Влюбиться в дьявола - Глава 43
La vieille dame hocha calmement la tête, un sourire s'épanouissant lentement sur son visage, en même temps que ses rides :
« N'aie pas peur, appelle-moi simplement Maman, Don Dolly. »
Volume 3 : Le Chant du Mouton de Hell Records (Partie 17)
C'était la tante qui s'était occupée d'elle pendant dix-huit ans, du moins c'est ce que Dolly pressentait. La vieille femme aux cheveux blancs lui semblait familière, peut-être parce qu'elle l'avait vue enfant. Mais, maman
? Que se passait-il
?
Dolly est manifestement orpheline.
Le sourire de la vieille femme était celui d'une reine, élégant et imposant à la fois, ne laissant aucune place à la résistance, seulement à l'obéissance. Elle regarda Dolly avec un air maternel et compatissant, puis commença lentement à parler
:
« Ne paniquez pas, n'ayez pas peur, écoutez-moi simplement en silence. »

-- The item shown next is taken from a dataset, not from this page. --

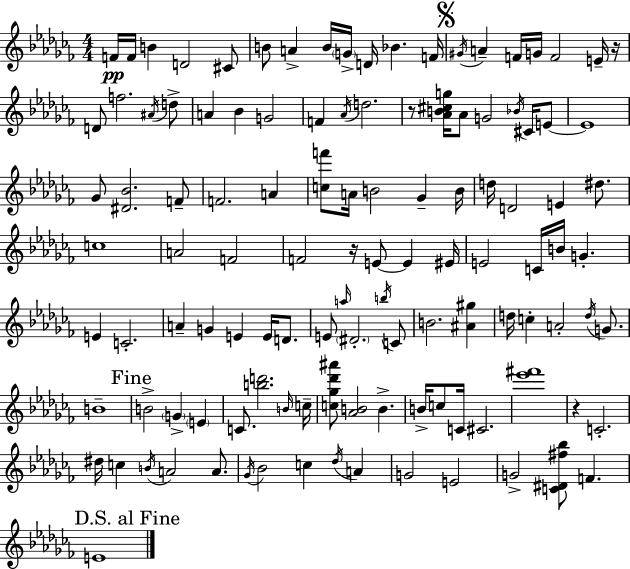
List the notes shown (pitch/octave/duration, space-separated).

F4/s F4/s B4/q D4/h C#4/e B4/e A4/q B4/s G4/s D4/s Bb4/q. F4/s G#4/s A4/q F4/s G4/s F4/h E4/s R/s D4/e F5/h. A#4/s D5/e A4/q Bb4/q G4/h F4/q Ab4/s D5/h. R/e [Ab4,B4,C#5,G5]/s Ab4/e G4/h Bb4/s C#4/s E4/e E4/w Gb4/e [D#4,Bb4]/h. F4/e F4/h. A4/q [C5,F6]/e A4/s B4/h Gb4/q B4/s D5/s D4/h E4/q D#5/e. C5/w A4/h F4/h F4/h R/s E4/e E4/q EIS4/s E4/h C4/s B4/s G4/q. E4/q C4/h. A4/q G4/q E4/q E4/s D4/e. E4/e A5/s D#4/h. B5/s C4/e B4/h. [A#4,G#5]/q D5/s C5/q A4/h D5/s G4/e. B4/w B4/h G4/q E4/q C4/e. [B5,D6]/h. B4/s C5/s [C5,Gb5,Db6,A#6]/e [Ab4,B4]/h B4/q. B4/s C5/e C4/s C#4/h. [Eb6,F#6]/w R/q C4/h. D#5/s C5/q B4/s A4/h A4/e. Gb4/s Bb4/h C5/q Db5/s A4/q G4/h E4/h G4/h [C4,D#4,F#5,Bb5]/e F4/q. E4/w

« Pour certaines raisons, je ne peux vous reconnaître comme mes parents et je n'ai d'autre choix que de vous placer, vous et vos enfants, dans un orphelinat. Officiellement, mon mari et moi sommes vos tuteurs, mais en réalité… »
Elle s'arrêta brusquement et tendit la main pour essuyer les larmes qui continuaient de couler sur son visage.
« Nous sommes tes parents biologiques ! » dit-elle, la voix tremblante et les yeux embués de larmes.
La tête de Dolly bourdonnait d'excitation. Oncle et tante étaient son père et sa mère ? Elle n'était donc pas orpheline, mais avait une famille au complet ? Elle était si excitée qu'elle faillit bondir. « Maman » et « Papa » — des mots qui lui avaient paru si lointains et si précieux — étaient maintenant si proches !
« Vous devez vous sentir un peu perdu, n'est-ce pas ? J'ai oublié de me présenter. Mon nom de famille est Yang et mon prénom est Chunxia. Votre père est décédé il y a un an. Il s'appelait Wan Shifa, le fondateur du groupe Wanshi. » La vieille femme leva lentement et gracieusement la main, dégageant une aura royale de sa silhouette élancée. « Voici le Palais d'Été, plus communément appelé le "Palais d'Or". »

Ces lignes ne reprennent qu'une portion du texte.